Data extracted from a collection:
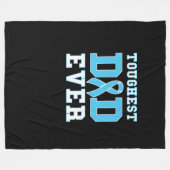 メンズタフパパ史上最高 – 前立腺がん認識度 フリースブランケット (正面(横))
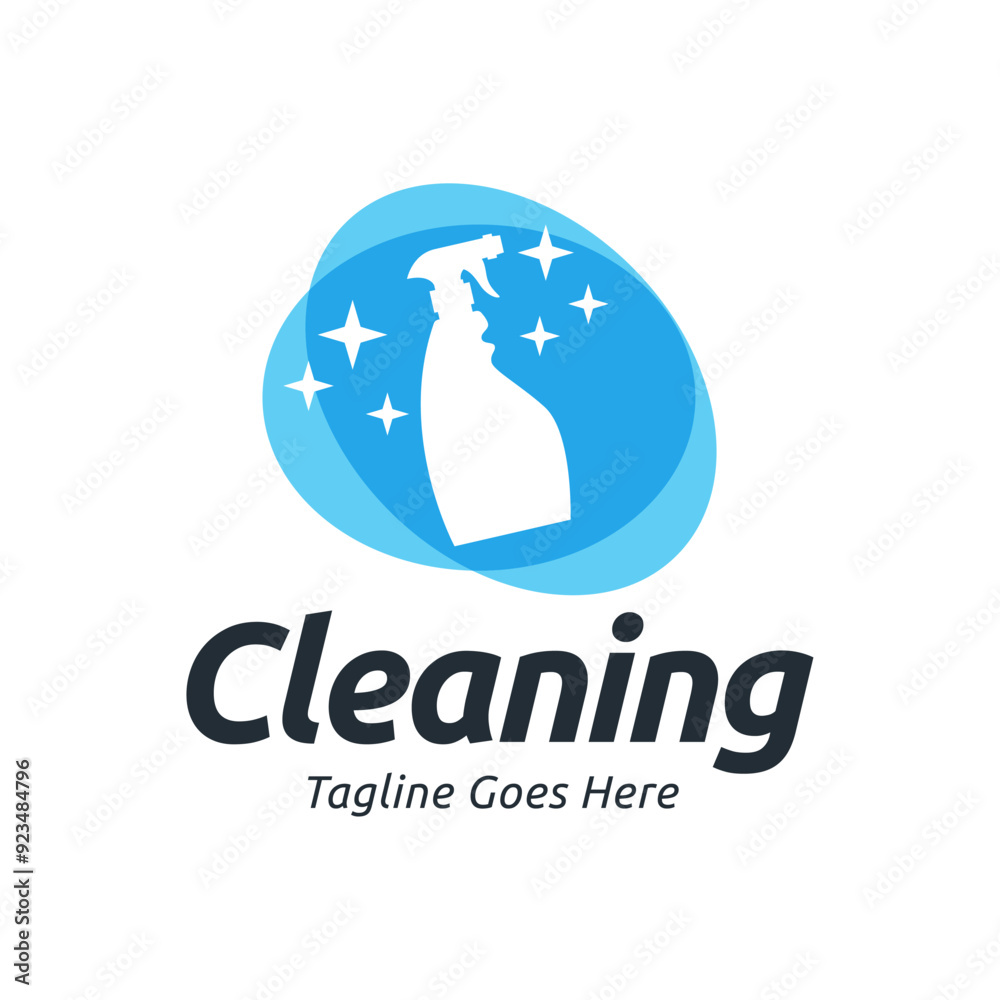 Fototapeta premium Set of Home Cleaning Services Logo Design Vector. Clean spray logo design.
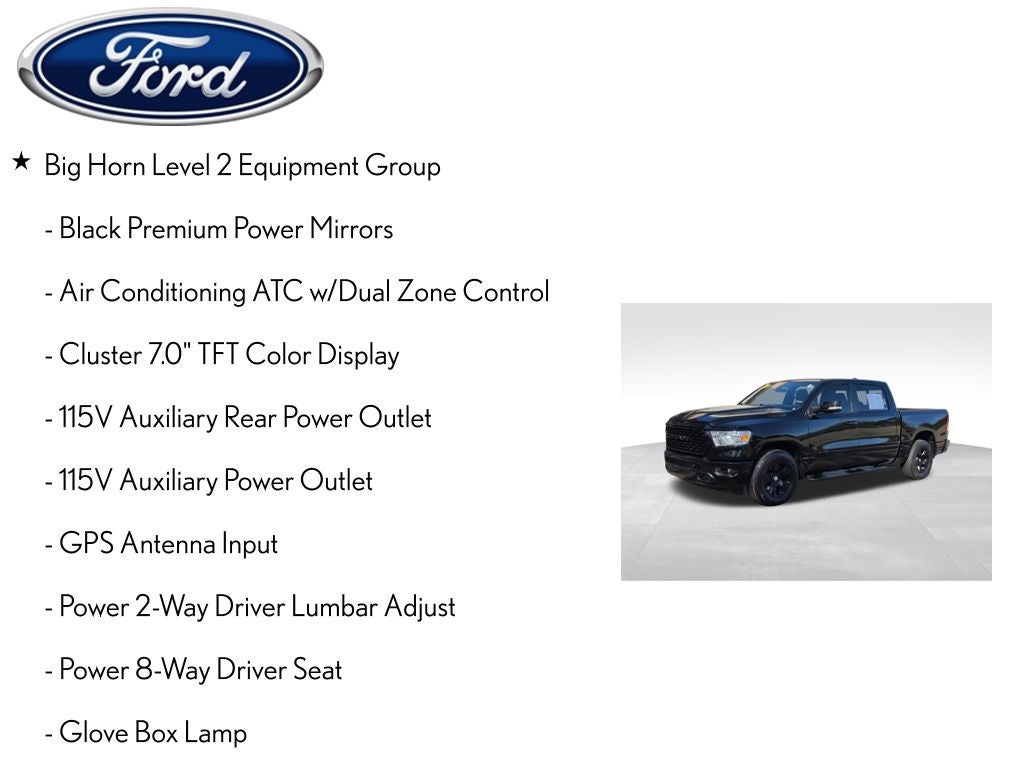 2022 RAM 1500 Big Horn/Lone Star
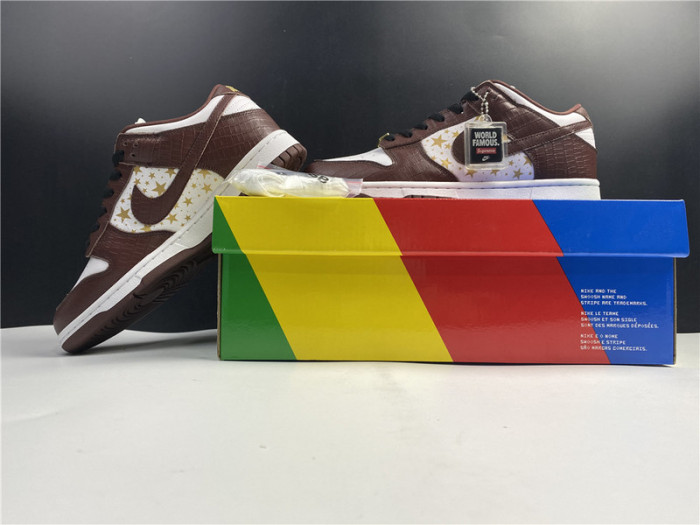 nike sb dunk low Svp*me stars barkroot brown (2021)  dh3228-103
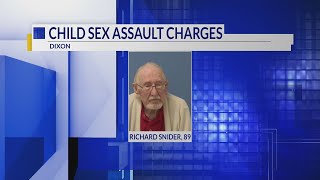 89-year-old Dixon man charged with sexual assault of a child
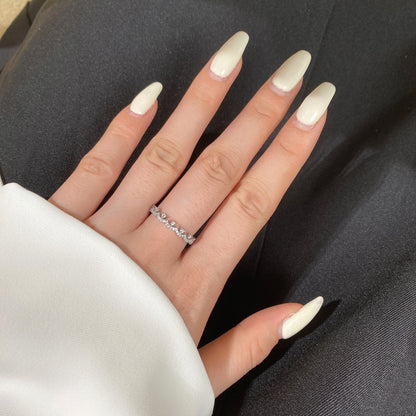 [Amore Jewelry]Elegant Resplendent Round Shape Party Ring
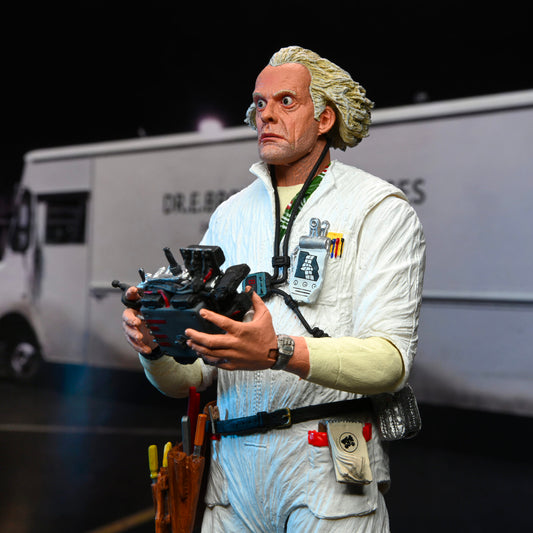 NECA: Back to the Future - Ultimate Doc Brown 1985 7" Tall Action Figure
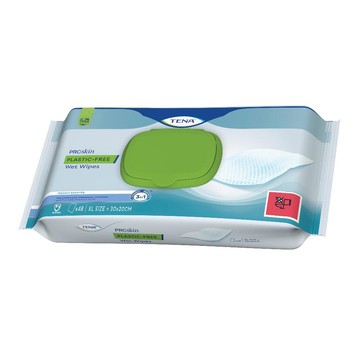 Tena wet wipes plastic free 48 pezzi - 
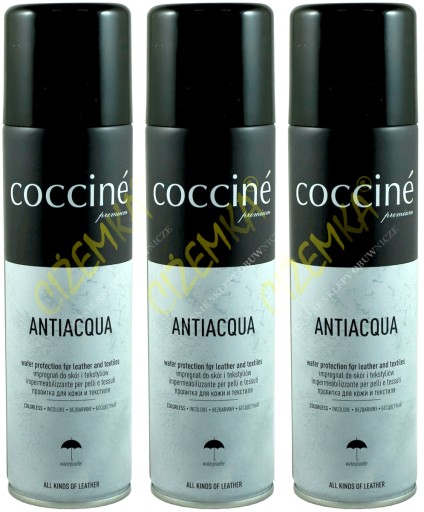 3X COCCINE IMPREGNAT ANTIACQUA DO SKÓR, BUTÓW 250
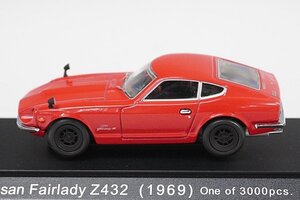 EBBRO エブロ 1/43 NISSAN 日産 Fairlady フェアレディ Z432 1969 レッド 43454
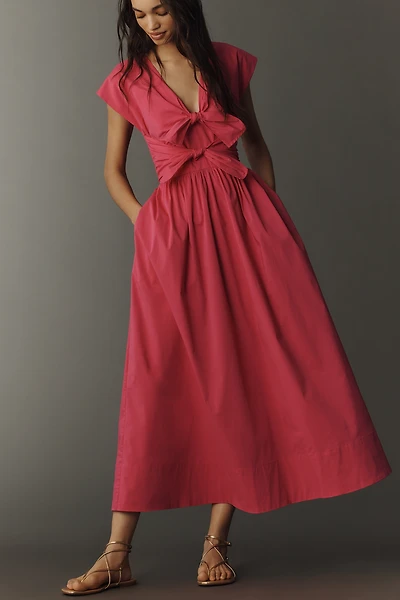 Hunter Bell Calista Bow Midi Dress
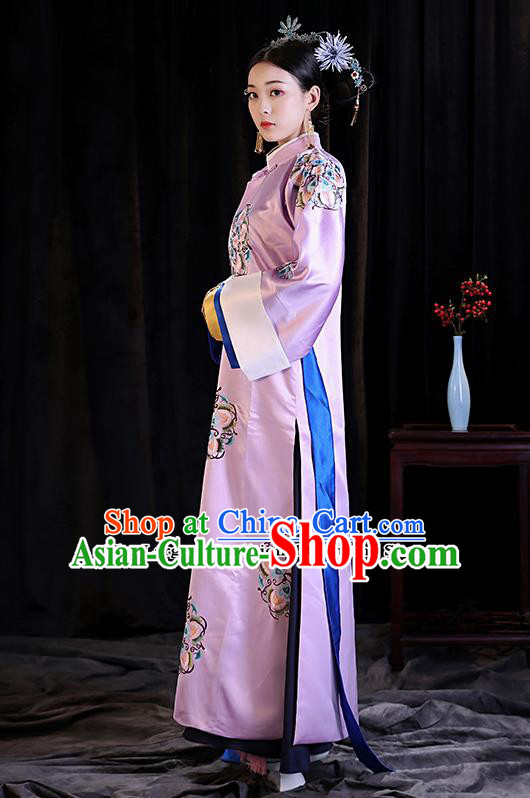 Chinese Ancient Qing Dynasty Drama Manchu Imperial Consort Costumes for Women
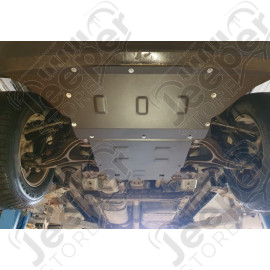 Protection acier carter moteur + radiateur "IronShield Engine" épaisseur : 2 mm pour Jeep Grand Cherokee WH, WK - 15007.650 / 28.550 / 5941986203823
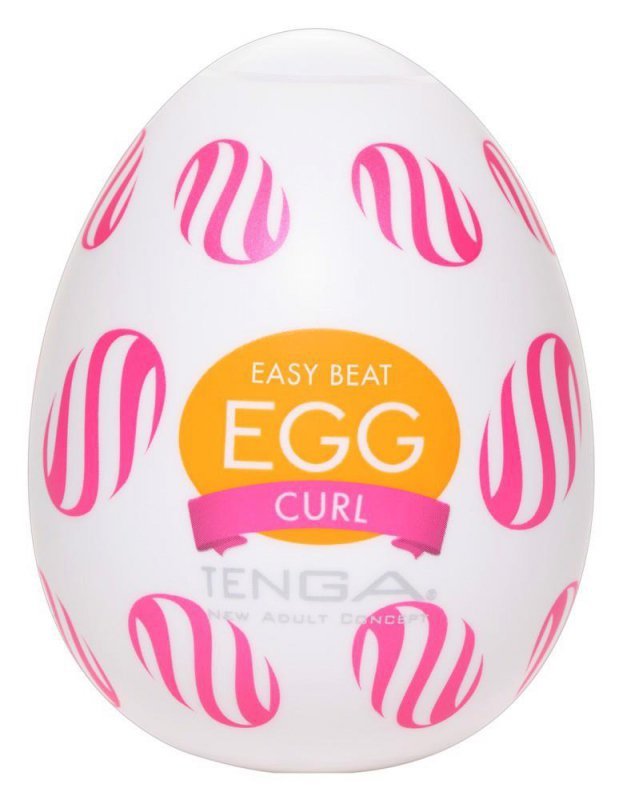Jednorazowy masturbator Tenga Egg Curl Single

Problem description
Once you find the line that contains "Fototapeta premium Set", give it again along with every later line through the end of the data, word for word, minus the pictures.

Result of the exercise
 Fototapeta premium Set of Home Cleaning Services Logo Design Vector. Clean spray logo design.
 2022 RAM 1500 Big Horn/Lone Star
 nike sb dunk low Svp*me stars barkroot brown (2021)  dh3228-103
 89-year-old Dixon man charged with sexual assault of a child
 [Amore Jewelry]Elegant Resplendent Round Shape Party Ring
 NECA: Back to the Future - Ultimate Doc Brown 1985 7" Tall Action Figure
 Tena wet wipes plastic free 48 pezzi - 
 3X COCCINE IMPREGNAT ANTIACQUA DO SKÓR, BUTÓW 250
 EBBRO エブロ 1/43 NISSAN 日産 Fairlady フェアレディ Z432 1969 レッド 43454
 Hunter Bell Calista Bow Midi Dress
 Chinese Ancient Qing Dynasty Drama Manchu Imperial Consort Costumes for Women
 Protection acier carter moteur + radiateur "IronShield Engine" épaisseur : 2 mm pour Jeep Grand Cherokee WH, WK - 15007.650 / 28.550 / 5941986203823
Jednorazowy masturbator Tenga Egg Curl Single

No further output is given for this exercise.